# MTB Helmet Shopping



## Burt4x4 (Feb 21, 2013)

Fox Flux
Specialized Vice
661 Recon
Other????

So these are the "styles" I like so far.
I have never owned a bike helmet, BMX racing in early 80's I wore my moto helmet lol
The reviews I have been reading one of the main gripes is "sweat pouring into my eyes".

Do some helmets do a better job of wicking away the sweat from your forhead?
I see "were a sweatband" as a soulution? I live in the Central Valley in California and it GETS HOT here so....

Please share with me your favorite helmet and why.
$100 budjet

Thanks
Burt


----------



## spider44 (Feb 6, 2013)

I went with a Fox Flux to replace my Bell. It feels more solid on my head and looks cool. Have yet to use it in hot weather, so don't know how cool it will feel.


----------



## rangeriderdave (Aug 29, 2008)

Don't have a favorite ,mostly have worn Bell's because then fit me the best. Try on a few ,find one on sale they all are much the same.Have heard good things about Uvex helmets. Wearing a sweat band does keep sweat out of my eyes.


----------



## akaBrowntown (Nov 28, 2012)

Giro Feature

Similar prices can be found (I scored one recently for $50). My GF has a Fox Flux, similar fit but I like the Giro more. If you cant find a deal they seem to be a little cheaper than the others if you are paying retail.

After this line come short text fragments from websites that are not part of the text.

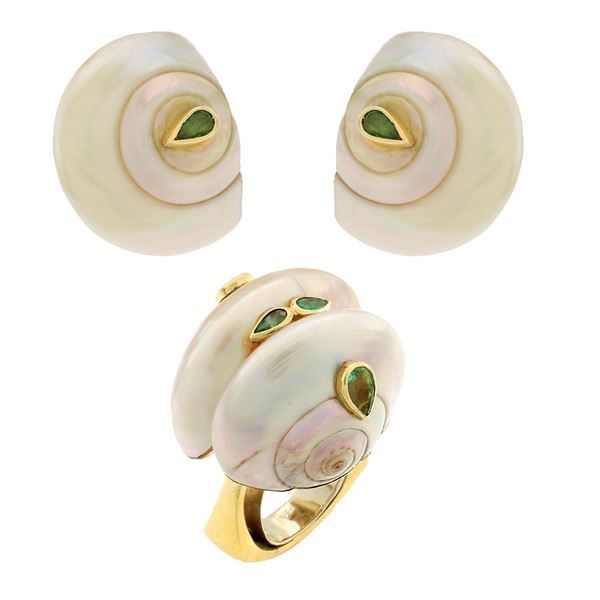 Marguerite Stix spilla e orecchini en suite a conchiglia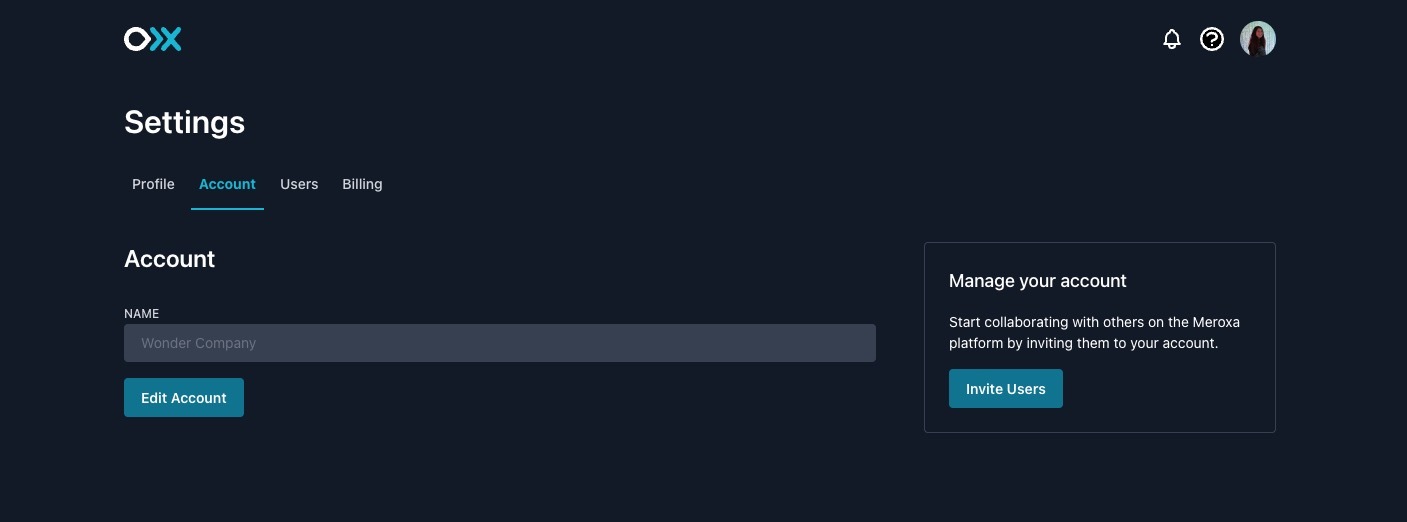 Meroxa Dashboard: Account Edit
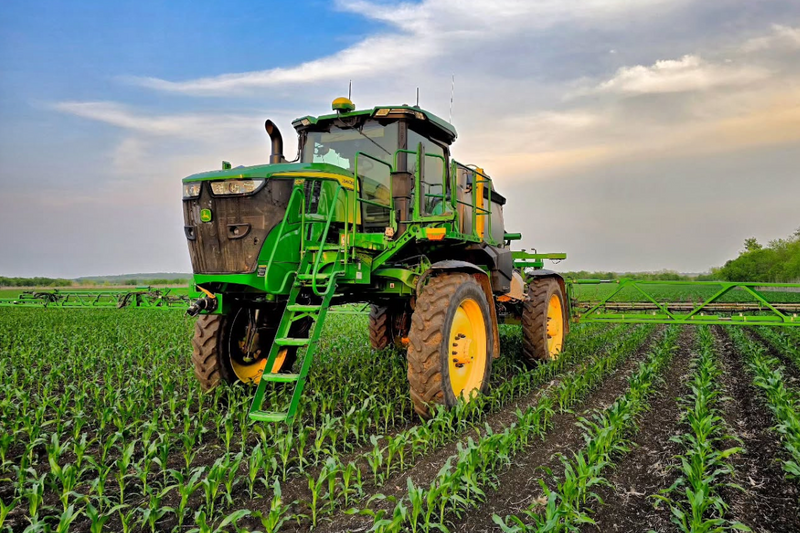tractor in field on farm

Also im in Florida and didnt sweat much different then a bulkier vented helmet. Depends on the person I guess.


----------



## cjcoffroad (May 9, 2011)

I'm in the same boat. I like the 661 Recon based on looks but have not tried it on. I tried on a Fox Flux and I liked the fit, but I would like to pay less then $100 since I've seen it on Chain love and other deal sites. Another helmet that is a similar style is the new Troy Lee Designs helmet. I tried it on at their boutique store in Laguna Beach, CA. I thought this helmet was the most comfortable between the two I tried on, but it's msrp is a bit high at $159.


----------



## Burt4x4 (Feb 21, 2013)

Awesome! Thanks for the replies.
I realize every skull is different so..I still need to test fit a 661..
Yah 159 is a bit steep...I like the Sp. Vice cuz it's at $80..
I just have zero comp when I put it on, never had one...most look too big and goofy.
Keep Up the replies please


----------



## Burt4x4 (Feb 21, 2013)

Giro Feature
I like that...test fit searching now...


----------



## Burt4x4 (Feb 21, 2013)

Specl. Vice


----------



## Burt4x4 (Feb 21, 2013)

Fox Flux


----------



## Burt4x4 (Feb 21, 2013)

661 Recon


----------



## Mohammedqur (Jun 7, 2012)

I bought a uvex Xenova 2011 overstock for 40 from REI two days ago when they had it as a deal of the day, now it's around 60 but i think will drop again. Haven't tried it yet but read good reviews.


----------



## canker (Jul 26, 2007)

Uvex XP 100
I looked at all those and ended up going with the Uvex. I did all my shopping online so I didn't exactly compare them but I have no complaints about the Uvex. It fits extremely well and is very comfortable coming from my cheapo $30 bell.


----------



## Koppuh Klyde (Jul 13, 2010)

I went w/ this mainly cause of Protecs history. I was looking at the Giro Hex and the Fox Flux, but LBS only had small and medium in the Hex and no Fluxs. FWIW, I wear a do rag to absorb the sweat. I feel you on those Cali summers. Try to ride in the a.m. to stay cool.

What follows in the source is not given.